My research site will not be Cariamanga itself. It is a much smaller place, but I cannot reveal its name!!! The parish priest will probably help me to first be introduced to the comunity. I hope so.
23 Jul 2008
Vilvabamba, 'the' touristic place in the province of Loja
20 Jul 2008
Loja (city of musicians and artists, well in theory)
There is one good thing about the city of Loja: its parks. There are a lot of them, big and really neat. So, I guess I must get into sports next year!
Pues como veis ya estamos en Loja. Llueve, lo que hace que no podamos disfrutar de los parques de la ciudad, lo unico asi realmente bonito. La ciudad es muy alargada, más como un pueblo, y muy tranquila. Ah no!! miento, el domingo estuvimos escuchando a la banda municipal tocando cumbias o yo que sé que era. Para haberlo visto. Imaginaros lo entretenidos que estabamos que casi casi vamos a misa por hacer algo (pero solo casi casi!).
18 Jul 2008
Saraguro (y su vinculo con Bilbao?!)
Por cierto, la foto de aqui debajo es de la plaza de Saraguro. Verídico
14 Jul 2008
Giron (where fiesta lasts for month and a half!!) and San Fernando
My experience in San Fernando was short but awful. In a misty, cold, pouring evening I got to know I just missed the last bus to get out of the village. Villagers were really amused with our experience. Luckily we managed to find a taxi, and got a lot of information from the driver!!

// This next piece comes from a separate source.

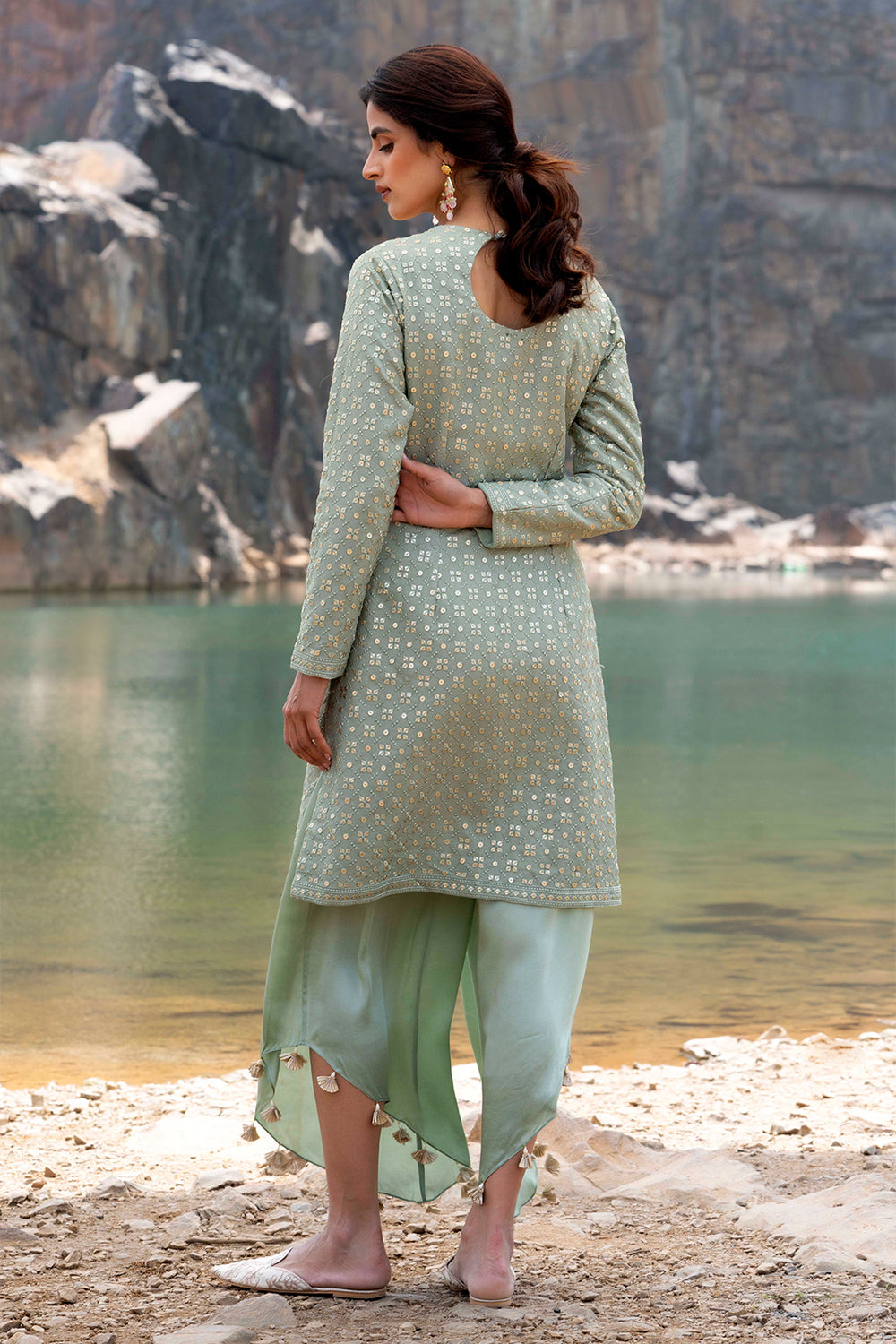 Pista Green Pakistani Suit With Dhoti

Despues de caminar un montón cuesta arriba llegamos a una cascada impresionante que llaman el chorro. La verdad, mereció la pena la caminata. Debido a la niebla no pudimos ir a la laguna de Busa, que según los lugareños de San Fernando es digna de verse. Igual otro día, aunque la experiencia en San Fernando no fue nada agradable (sin autobus de vuelta, sin casi dinero, con frio, lluvia, en fin un éxito de sitio).
13 Jul 2008
12 Jul 2008
Gualaceo, Chordeleg, Sigsig (getting closer)

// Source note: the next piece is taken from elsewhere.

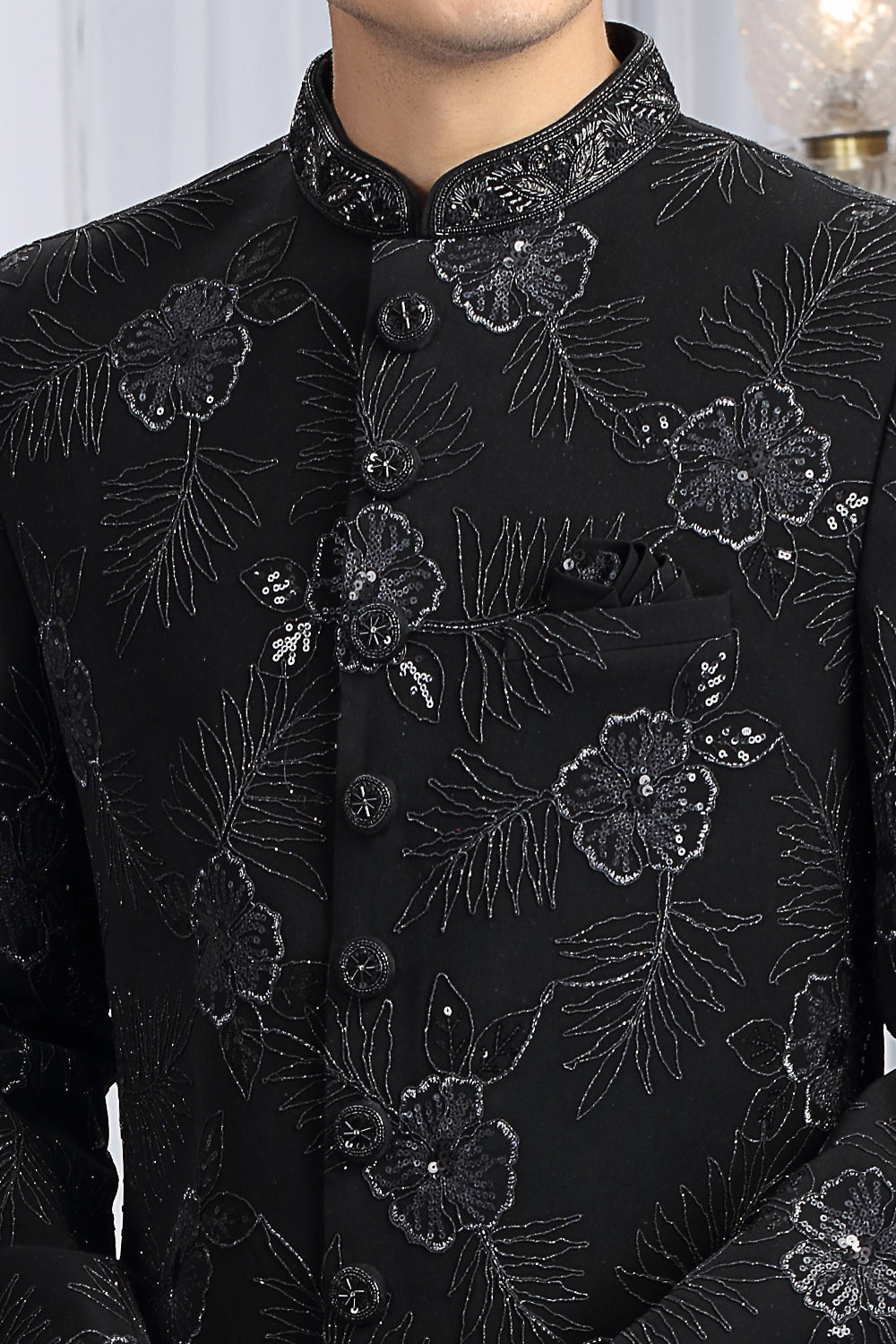 Black Art Silk Designer Sherwani (NMK-8652) - Nihal Fashions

Gualaceo is a town with an incredible high rate of out migration (mainly to the US). It is called the Azuay´s garden (el jardín azuayo). Still working on that, but one of the parish (this is the smallest administrative division in Ecuador) in this canton could be my home for 6 months next year.
Chordeleg is a even smalled village than Gualaceo. It is well-know for its jewelery. As most of the Ecuadorian villages (a Spanish legacy) are located around a usually very nice square and a colourful church. However, contrary to Spain, houses are well spread, so even a village has very few inhabitants, the village owns quite a lot of space.

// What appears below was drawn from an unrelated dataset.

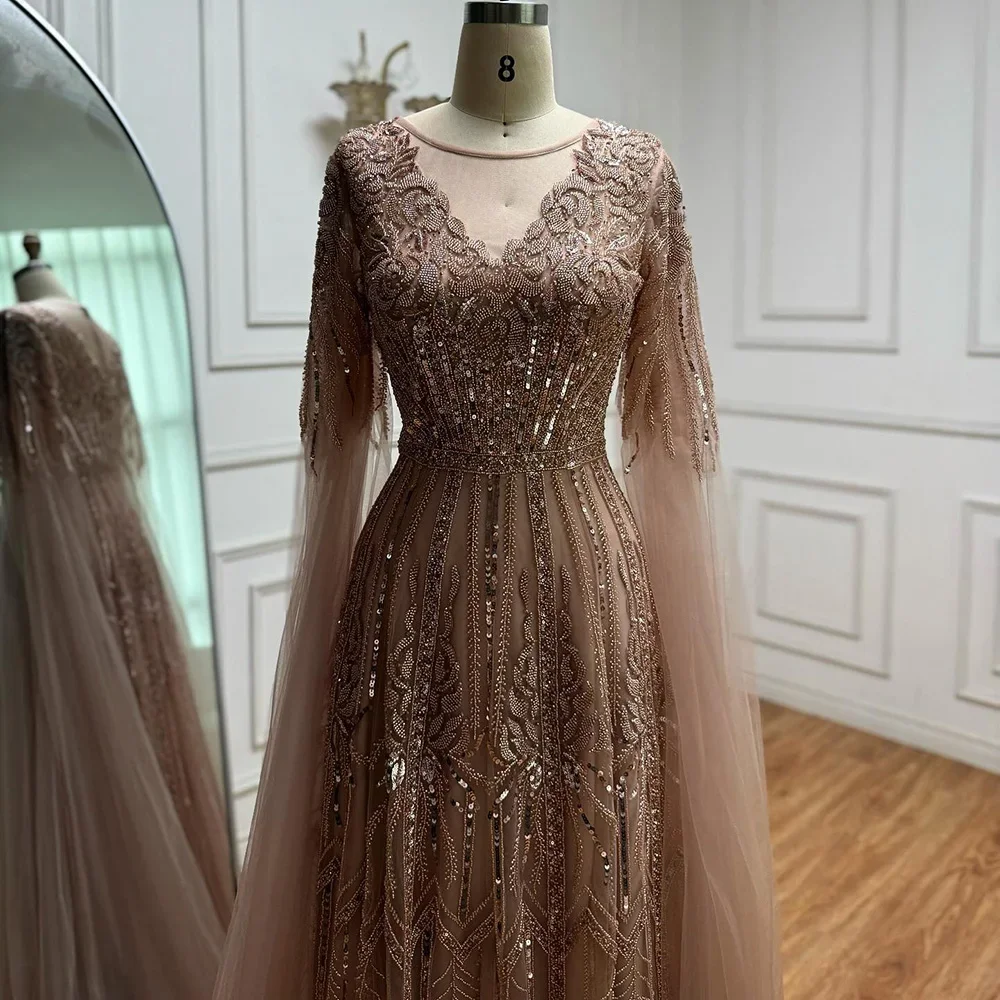 Luxury Elegant Rose Gold Beaded A Line Evening Dress with Cape Sleeves for  Formal Party Serene Hill 2026 Customized CLA73056 - AliExpress 320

The last village of the day is Sigsig. Very quiet, and people still look at foreigners as aliens from a different country! Nonetheless, I must say in spite of their puzzlement they are extremely polite, saying us good morning whenever they see us.
In all the three villages, the effects of migration are easily noticeable. There are houses completely out of place, next to an old small rural house, stands a Miami-like house with dark glass in the windows. There are also all sorts of kinky stationery for graduations, birthdays... a new 'tradition' very likely to come from the US.
11 Jul 2008
Ingapirca
9 Jul 2008
Cuenca (at last). This is where real work starts
I am really intersting in the arquitecture colonial legacy. Contrary to the North highlands where the colonial houses are exactly the ones one could find in Extremadura, here in Cuenca, the colonial buildings reminds me of the arquitecture in the North of Spain.
The indigenous landscape becomes more and more complex as time goes by, what allures me more and more. Although in Europe we tend to think about the Inca history of Ecuador, in fact the Incas stayed for less than a century in this area. Thanks to the hairdoes and the clothes it is still possible nowadays to notice the pre-inca groups legacy. The group par excellance in Azuay (the province Cuenca is capital of) is called Cañaris. They speak kitchwa (different from the quechua spoken in Peru) and wear bombin-shaped hats. Cañari women wear colourful skirts and ponchos. And it is not a touristic thing. They do wear those same beautiful clothes wherever they are, even working at their small land plots.